Refer to our Texas Go Math Grade 6 Answer Key Pdf to score good marks in the exams. Test yourself by practicing the problems from Texas Go Math Grade 6 Module 13 Answer Key Inequalities and Relationships.
Texas Go Math Grade 6 Module 13 Answer Key Inequalities and Relationships
Texas Go Math Grade 6 Module 13 Are You Ready? Answer Key
Write an integer to represent each situation.
Question 1.
a loss of $75
Answer:
Because here we have loss, we will have -, so, the required integer is 75.
Question 2.
a football player’s gain of 9 yards
Answer:
Here, because we have gain, we will have +. so, the required integer is 9.
Question 3.
spending $1,200 on a flat screen TV __________
Answer:
Because here we have spending, we will have -, so the required integer is -1.200.
Question 4.
a climb of 2,400 feet _________
Answer:
Because here we have climbing, we will have +, so the required integer is 2.400.
Find the product or quotient.
Question 5.
6 × 9 __________
Answer:
Here, the signs of the integers are the same, so, the product will be positive. We have that result is 54.
Question 6.
15 ÷ (-5) ________
Answer:
Here, the signs of integers are different, so the quotient will be negative.
We have that result is -3.
Question 7.
-8 × 6 _______
Answer:
Here, the signs of integers are different, so the product will be negative.
So, the result is -48.
Question 8.
-100 ÷ (10) _________
Answer:
Here, the signs of integers are different, so the quotient will be negative.
We have that result is -10.
Question 9.
3 × (-7) ________
Answer:
Here, the signs of integers are different, so the product will be negative.
So, the result is -21.
Question 10.
-64 ÷ 8 ________
Answer:
Here, the signs of integers are different, so the quotient will be negative.
We have that result is -8.
Question 11.
-8 × (-2) __________
Answer:
Here, the signs of the integers are the same, so, the product will be positive We have that result is 16.
Question 12.
32 ÷ 2 ___________
Answer:
Here, the signs of the integers are the same, so, the quotient will be positive. We have that result is 16.
Solve.
Question 13.
9p = 108 __________
Answer:
Here we have that p is multiplied by 9, so, we will multiply both sides by the reciprocal, \(\frac{1}{9}\), in order to isolate variable. After that we will simplify and get the following:
\(\frac{1}{9}\) ∙ 9p = 108 ∙ \(\frac{1}{9}\)
p = \(\frac{108 \cdot 1}{9}\)
p = 12
Question 14.
\(\frac{3}{5}\)n = 21 _________
Answer:
3 5
Here we have that n is multiplied by \(\frac{3}{5}\), so, we will multiply both sides by the reciprocal, \(\frac{3}{5}\), in order to isolate the variable.
After that we will simplify and get the following:
\(\frac{5}{3}\) ∙ \(\frac{3}{5}\)n = 21 ∙ \(\frac{5}{3}\)
n = \(\frac{21 \cdot 5}{3}\)
n = 35
Question 15.
\(\frac{4}{7}\)k = 84 __________
Answer:
\(\frac{7}{4}\) ∙ \(\frac{4}{7}\)k = 84 ∙ \(\frac{7}{4}\)
k = \(\frac{84 \cdot 7}{4}\)
k = 147
Question 16.
\(\frac{3}{20}\) e = 24 ___________
Answer:
\(\frac{20}{3}\) ∙ \(\frac{3}{20}\)e = 24 ∙ \(\frac{20}{3}\)
e = \(\frac{24 \cdot 20}{3}\)
e = 160
Texas Go Math Grade 6 Module 13 Reading Start-Up Answer Key
Visualize Vocabulary
Use the ✓ words to complete the graphic.
Understand Vocabulary
Match the term on the left to the correct expression on the right.
Answer:
1 – A. Solution of an inequality is a value or values that make the inequality true. ConcLusion ¡s that A matches to this term.

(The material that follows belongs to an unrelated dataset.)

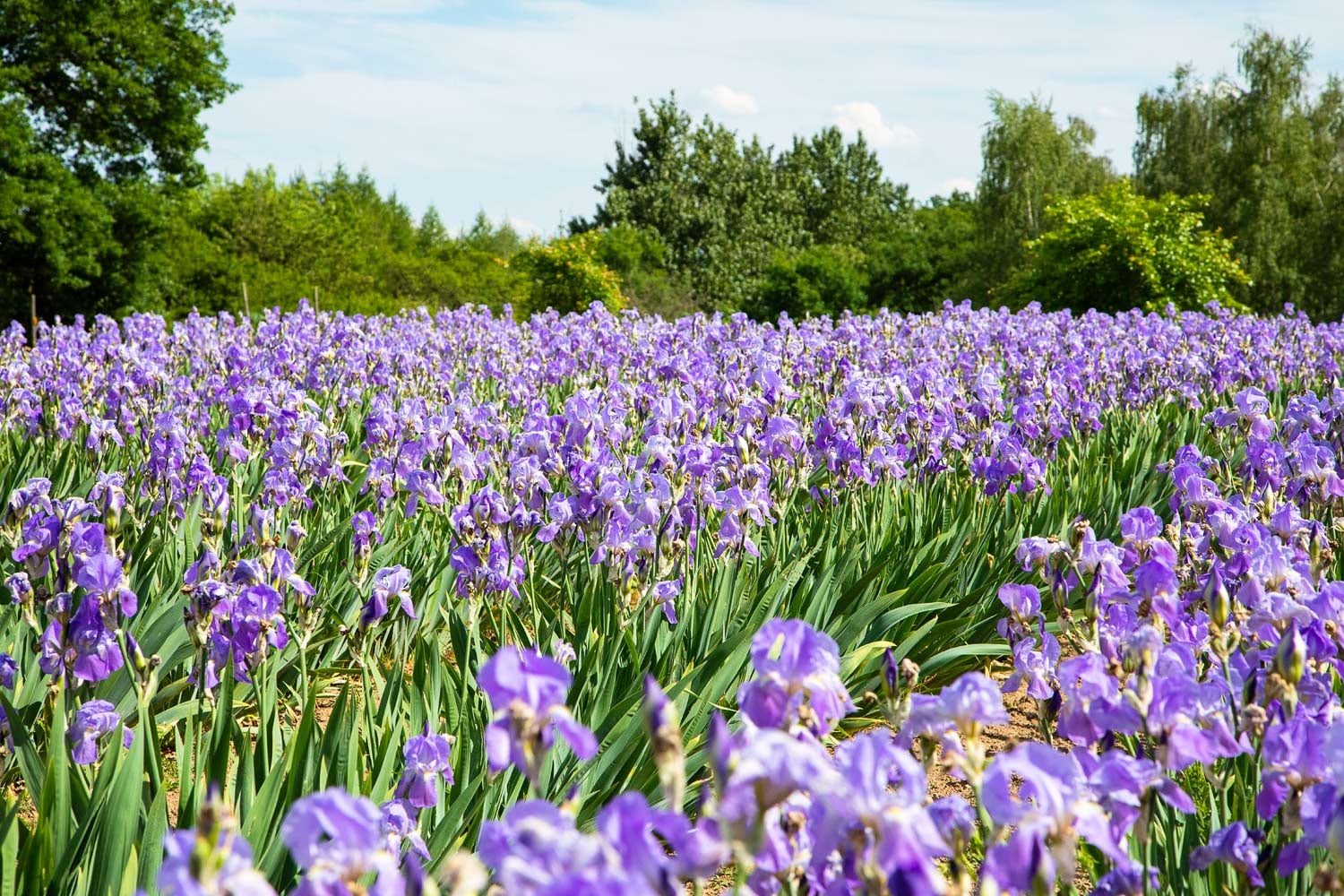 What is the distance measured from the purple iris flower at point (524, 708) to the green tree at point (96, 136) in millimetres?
23541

2 – C. Coefficient is the number that is multiplied by the variable in an algebraic expression. Conclusion is that C matches to this term.

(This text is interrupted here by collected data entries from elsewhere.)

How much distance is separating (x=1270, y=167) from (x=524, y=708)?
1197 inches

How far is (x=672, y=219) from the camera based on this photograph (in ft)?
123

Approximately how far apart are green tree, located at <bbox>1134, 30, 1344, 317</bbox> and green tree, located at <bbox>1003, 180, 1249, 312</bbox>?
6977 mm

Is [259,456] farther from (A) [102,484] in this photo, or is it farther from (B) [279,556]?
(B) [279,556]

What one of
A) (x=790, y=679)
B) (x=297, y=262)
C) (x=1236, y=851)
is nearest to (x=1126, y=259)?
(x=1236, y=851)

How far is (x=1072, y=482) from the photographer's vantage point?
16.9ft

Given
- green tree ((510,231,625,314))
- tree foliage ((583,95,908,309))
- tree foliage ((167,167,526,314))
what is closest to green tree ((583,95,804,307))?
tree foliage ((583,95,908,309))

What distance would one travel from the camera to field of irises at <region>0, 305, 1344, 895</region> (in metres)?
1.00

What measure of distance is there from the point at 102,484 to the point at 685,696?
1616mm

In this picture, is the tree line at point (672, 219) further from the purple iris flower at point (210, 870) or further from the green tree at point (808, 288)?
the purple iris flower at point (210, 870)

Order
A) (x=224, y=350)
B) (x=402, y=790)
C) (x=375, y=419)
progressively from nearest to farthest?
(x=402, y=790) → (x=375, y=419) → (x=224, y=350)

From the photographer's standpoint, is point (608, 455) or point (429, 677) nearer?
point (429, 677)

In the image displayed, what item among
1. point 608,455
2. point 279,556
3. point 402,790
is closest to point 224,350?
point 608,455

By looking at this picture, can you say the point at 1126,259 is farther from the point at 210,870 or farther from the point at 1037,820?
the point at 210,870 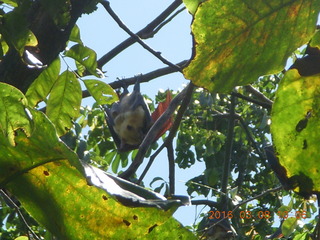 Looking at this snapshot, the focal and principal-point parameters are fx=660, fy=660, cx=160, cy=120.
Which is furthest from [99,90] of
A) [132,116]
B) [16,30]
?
[132,116]

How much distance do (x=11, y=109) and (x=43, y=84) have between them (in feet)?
2.52

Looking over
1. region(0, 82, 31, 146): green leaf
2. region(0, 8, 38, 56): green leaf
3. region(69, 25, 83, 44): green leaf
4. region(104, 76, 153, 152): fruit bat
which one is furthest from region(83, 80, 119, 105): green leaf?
region(104, 76, 153, 152): fruit bat

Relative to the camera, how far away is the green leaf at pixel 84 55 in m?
1.59

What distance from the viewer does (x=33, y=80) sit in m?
1.61

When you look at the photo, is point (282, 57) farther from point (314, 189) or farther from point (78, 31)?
point (78, 31)

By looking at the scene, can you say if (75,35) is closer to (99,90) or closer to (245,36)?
(99,90)

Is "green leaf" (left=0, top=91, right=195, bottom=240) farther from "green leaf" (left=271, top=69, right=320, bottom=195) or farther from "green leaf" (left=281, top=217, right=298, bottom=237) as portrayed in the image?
"green leaf" (left=281, top=217, right=298, bottom=237)

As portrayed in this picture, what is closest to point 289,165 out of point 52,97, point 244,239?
point 52,97

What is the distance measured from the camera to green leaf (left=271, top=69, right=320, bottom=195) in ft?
2.58

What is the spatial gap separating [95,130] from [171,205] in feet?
13.6

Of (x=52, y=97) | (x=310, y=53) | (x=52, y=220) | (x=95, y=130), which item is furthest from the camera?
(x=95, y=130)

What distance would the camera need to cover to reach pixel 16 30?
1327 mm

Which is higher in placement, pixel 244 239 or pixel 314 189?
pixel 244 239

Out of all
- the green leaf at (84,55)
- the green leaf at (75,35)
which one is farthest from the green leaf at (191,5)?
the green leaf at (75,35) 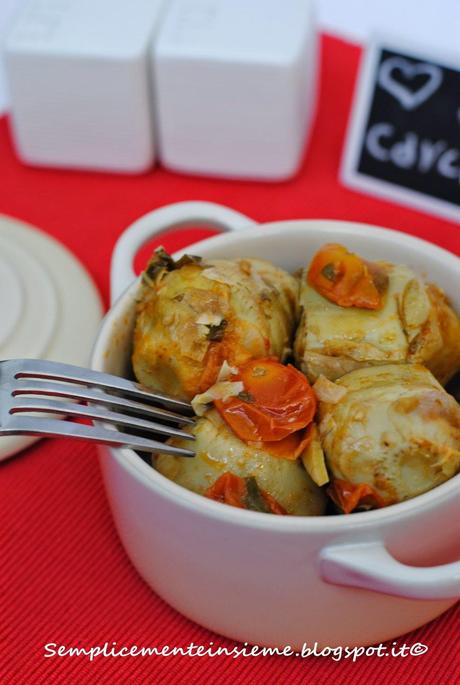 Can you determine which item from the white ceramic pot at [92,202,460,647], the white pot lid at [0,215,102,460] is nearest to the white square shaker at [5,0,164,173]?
the white pot lid at [0,215,102,460]

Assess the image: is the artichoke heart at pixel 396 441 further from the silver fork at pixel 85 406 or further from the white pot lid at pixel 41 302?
the white pot lid at pixel 41 302

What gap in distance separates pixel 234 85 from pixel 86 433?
2.32 feet

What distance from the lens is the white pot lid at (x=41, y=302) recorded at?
1.08 metres

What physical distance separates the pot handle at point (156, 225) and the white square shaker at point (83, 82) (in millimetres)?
384

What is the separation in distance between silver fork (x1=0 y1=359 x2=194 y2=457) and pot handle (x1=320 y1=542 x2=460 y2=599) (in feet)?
0.50

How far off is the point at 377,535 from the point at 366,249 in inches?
13.8

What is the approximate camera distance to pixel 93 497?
3.25ft

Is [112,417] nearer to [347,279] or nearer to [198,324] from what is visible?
[198,324]

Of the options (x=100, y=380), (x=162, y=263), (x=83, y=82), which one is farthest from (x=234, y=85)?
(x=100, y=380)

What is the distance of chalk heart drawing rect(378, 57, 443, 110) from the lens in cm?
124

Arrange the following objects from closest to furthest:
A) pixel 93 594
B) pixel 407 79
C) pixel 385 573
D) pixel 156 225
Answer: pixel 385 573 < pixel 93 594 < pixel 156 225 < pixel 407 79

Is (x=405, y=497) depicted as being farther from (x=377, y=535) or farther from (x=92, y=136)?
(x=92, y=136)

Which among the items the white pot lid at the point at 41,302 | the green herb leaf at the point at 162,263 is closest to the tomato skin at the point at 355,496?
the green herb leaf at the point at 162,263

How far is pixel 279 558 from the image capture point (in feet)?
2.31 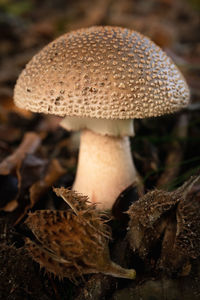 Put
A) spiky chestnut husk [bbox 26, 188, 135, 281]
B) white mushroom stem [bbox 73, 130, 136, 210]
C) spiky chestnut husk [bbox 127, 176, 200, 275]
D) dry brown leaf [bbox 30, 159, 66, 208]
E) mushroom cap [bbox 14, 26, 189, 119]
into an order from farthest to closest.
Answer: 1. white mushroom stem [bbox 73, 130, 136, 210]
2. dry brown leaf [bbox 30, 159, 66, 208]
3. mushroom cap [bbox 14, 26, 189, 119]
4. spiky chestnut husk [bbox 127, 176, 200, 275]
5. spiky chestnut husk [bbox 26, 188, 135, 281]

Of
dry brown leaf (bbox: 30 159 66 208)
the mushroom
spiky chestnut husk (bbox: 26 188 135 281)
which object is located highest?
the mushroom

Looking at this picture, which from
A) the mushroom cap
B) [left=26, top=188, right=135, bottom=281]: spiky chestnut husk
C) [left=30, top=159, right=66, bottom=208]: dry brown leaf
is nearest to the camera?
[left=26, top=188, right=135, bottom=281]: spiky chestnut husk

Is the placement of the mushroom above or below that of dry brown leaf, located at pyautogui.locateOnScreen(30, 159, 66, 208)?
above

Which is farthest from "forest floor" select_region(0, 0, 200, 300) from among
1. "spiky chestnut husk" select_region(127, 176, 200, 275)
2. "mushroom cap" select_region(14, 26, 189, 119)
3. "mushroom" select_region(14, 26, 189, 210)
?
"mushroom cap" select_region(14, 26, 189, 119)

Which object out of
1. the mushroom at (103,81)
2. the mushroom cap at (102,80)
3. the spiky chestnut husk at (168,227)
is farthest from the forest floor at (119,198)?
the mushroom cap at (102,80)

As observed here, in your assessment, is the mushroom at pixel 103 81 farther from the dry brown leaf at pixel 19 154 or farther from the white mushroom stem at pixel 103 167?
the dry brown leaf at pixel 19 154

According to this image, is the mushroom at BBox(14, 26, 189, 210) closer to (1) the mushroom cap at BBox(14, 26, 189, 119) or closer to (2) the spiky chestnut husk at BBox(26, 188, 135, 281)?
(1) the mushroom cap at BBox(14, 26, 189, 119)

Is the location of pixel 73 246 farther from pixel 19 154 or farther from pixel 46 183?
pixel 19 154
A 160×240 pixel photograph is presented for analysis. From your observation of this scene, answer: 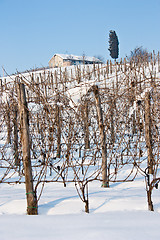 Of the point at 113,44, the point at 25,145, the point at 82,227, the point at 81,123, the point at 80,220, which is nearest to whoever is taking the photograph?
the point at 82,227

3 – B. Constant is a specific number whose value does not change. Conclusion is that B matches this term.
Active Reading
Two-Panel Flip Chart Create a two-panel flip chart to help you understand the concepts in this module. Label one flap “Adding and Subtracting Inequalities.” Label the other flap “Multiplying and Dividing InequalitiesTM As you study each lesson, write important ideas under the appropriate flap.